Glossary

  • Prospects: These are the properties you receive from 8020REI.
  • Leads: Property owners who have shown interest in selling their house.
  • Contracts: These occur when a property owner decides to sell the house to you at an agreed-upon price.
  • Deal: This is when you find a buyer to acquire the property you've contracted.

How to Calculate ROI

ROI, or Return on Investment, measures the profitability of an investment.


Formula:

ROI = ((Revenue - Cost) / Cost) x 100

Example

Let's say you spent 2,000 on marketing to get a property. You sell that property for $12,000.

  1. Revenue: $12,000
  2. Cost: $2,000
  3. ROI: ((12,000 - 2,000) / 2,000 \times 100 = 500%)

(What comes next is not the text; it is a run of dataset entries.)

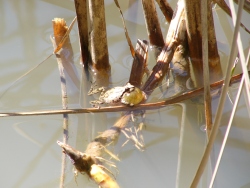 p1090864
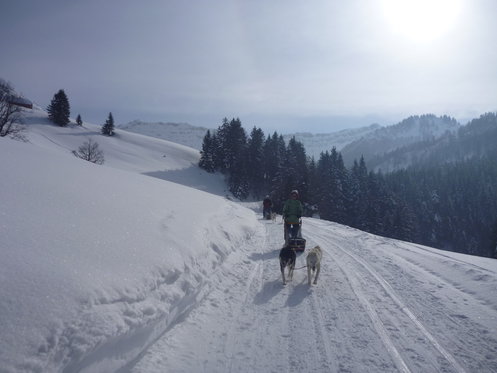 Husky exclusif - pour 2 personnes 4 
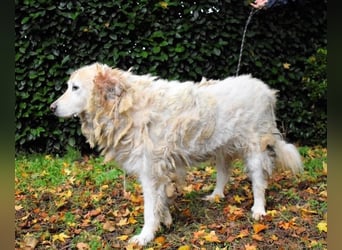 Akamu - Sucht seinen passenden Deckel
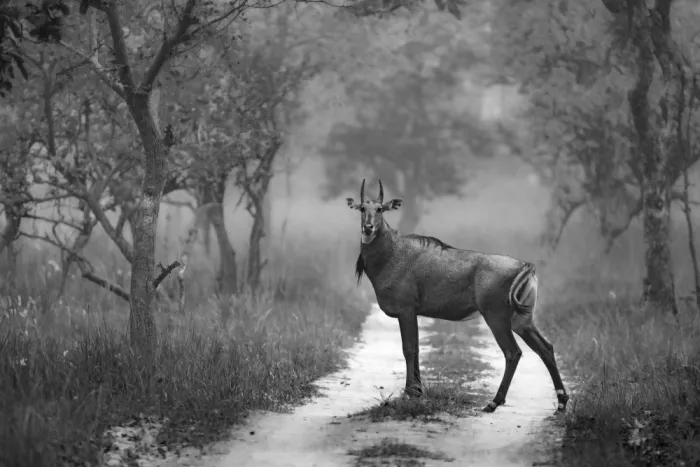 Dhesi, Rajat: Modrý býk (Nilgai)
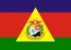 Bandeira Caratinga MG bandeira Caratinga MG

You got a 5x return on your investment.

Note: Make sure to account for the dates when calculating ROI. You might spend on marketing in June but get the revenue in July. The ROI would still consider both these amounts despite the time gap.


How to Calculate Ratios

Lead-to-Contract Ratio

This ratio shows how effective you are at turning interested property owners into signed contracts.

Formula:

Lead-to-Contract Ratio = (Number of Contracts / Number of Leads) x 100

Example

If you have 10 leads and 2 turn into contracts, your Lead-to-Contract Ratio is (2 / 10) x 100 = 20%.

Contract-to-Deal Ratio

This ratio shows how effective you are at closing deals from contracts.

Formula:

Contract-to-Deal Ratio = (Number of Deals / Number of Contracts) x 100

Example

If you have 5 contracts and 2 turn into deals, your Contract-to-Deal Ratio is (2 / 5) x 100 = 40%.

Opinion: These metrics are essential. Knowing your ratios and ROI can help fine-tune your approach to each prospect, ultimately saving time and boosting profitability.